Dopo la Tunisia anche in Algeria: i giovani in prima linea |
di Alberto Negri*
Oltre l'altura dov'è arroccata la Casbah inizia Bab el Oued, la Porta del Fiume, ventre e cuore di Algeri. Tutto è cominciato qui, dalla rivolta anticoloniale contro i francesi nel '54 all'ascesa degli integralisti negli anni Ottanta e Novanta, all'ultima ribellione giovanile di questi giorni.
Dai tavoli del Café Esplanade si controlla l'incrocio dove Gillo Pontecorvo girò una delle scene più famose della "Battaglia di Algeri". È in questo angolo fatale della Ville Blanche, investito dalle brezze marine, che sono iniziati gli scontri per i rincari dei beni primari dilagati poi in tutti i maggiori centri del paese.
Algeri adesso cerca di esorcizzare la paura di un ritorno agli anni di piombo, alle battaglie a colpi di attentati e teste mozzate tra islamici e forze di sicurezza, una tragedia mediterranea che si svolse a porte chiuse definita quasi subito una guerre sale, una guerra sporca, con un bilancio terrificante: 200mila morti, 15mila desaparecidos, 30mila vedove, 50mila orfani. «Andavamo in redazione con la paura nello stomaco», ricorda al telefono Omar Belhoucet, direttore del quotidiano Watan, che sfuggì per un soffio a un attentato: in Algeria furono uccisi 94 giornalisti.
«La generazione di oggi di Bab el Oued - osserva Belhoucet - ha molti punti in comune con quella che diede il via alla rivolta del couscous nell'88». Sono gli hittistes, letteralmente "i ragazzi attaccati al muro", legioni di candidati a una pericolosa marginalità che ogni giorno, inchiodati nelle strade e nei caffè a una perenne attesa senza speranza, aspettano un qualunque lavoro o una dritta per ottenere un visto verso la Francia e l'Europa. Allora questi ragazzi erano la massa di manovra del Fis, il Fronte islamico che stava per scalzare alle elezioni l'Fnl, l'ex partito unico, portabandiera di un dirigismo di ferro fallimentare. Il Muro di Algeri stava crollando, prima ancora di quello orientale, per dare il via al golpe dei generali del gennaio '92.

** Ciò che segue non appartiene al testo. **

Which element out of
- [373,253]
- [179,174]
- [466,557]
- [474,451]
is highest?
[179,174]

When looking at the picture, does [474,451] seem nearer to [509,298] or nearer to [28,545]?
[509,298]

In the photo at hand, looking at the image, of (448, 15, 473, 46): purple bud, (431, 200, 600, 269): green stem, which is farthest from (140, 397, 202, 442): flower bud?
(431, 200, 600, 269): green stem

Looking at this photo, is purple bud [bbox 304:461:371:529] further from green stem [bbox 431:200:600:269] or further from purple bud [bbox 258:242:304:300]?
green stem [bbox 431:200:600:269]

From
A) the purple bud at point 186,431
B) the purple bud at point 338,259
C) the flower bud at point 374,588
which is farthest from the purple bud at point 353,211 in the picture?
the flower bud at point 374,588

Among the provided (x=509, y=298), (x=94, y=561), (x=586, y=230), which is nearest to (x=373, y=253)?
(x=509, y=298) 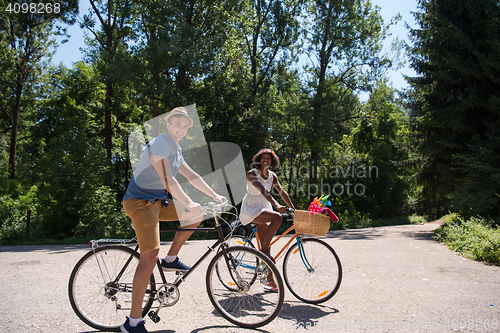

La nuova generazione di disoccupati - il tasso reale dei ventenni senza lavoro è del 40% - è ancora un esercito ma questa volta i leader integralisti in djellaba sembrano avere meno presa di un tempo. Almeno così si augurano i laici, già contrariati dal fatto che lo stato ha dato spazio agli islamici per cooptarli nel sistema con la politica di riconciliazione nazionale voluta dal presidente Abdelaziz Bouteflika.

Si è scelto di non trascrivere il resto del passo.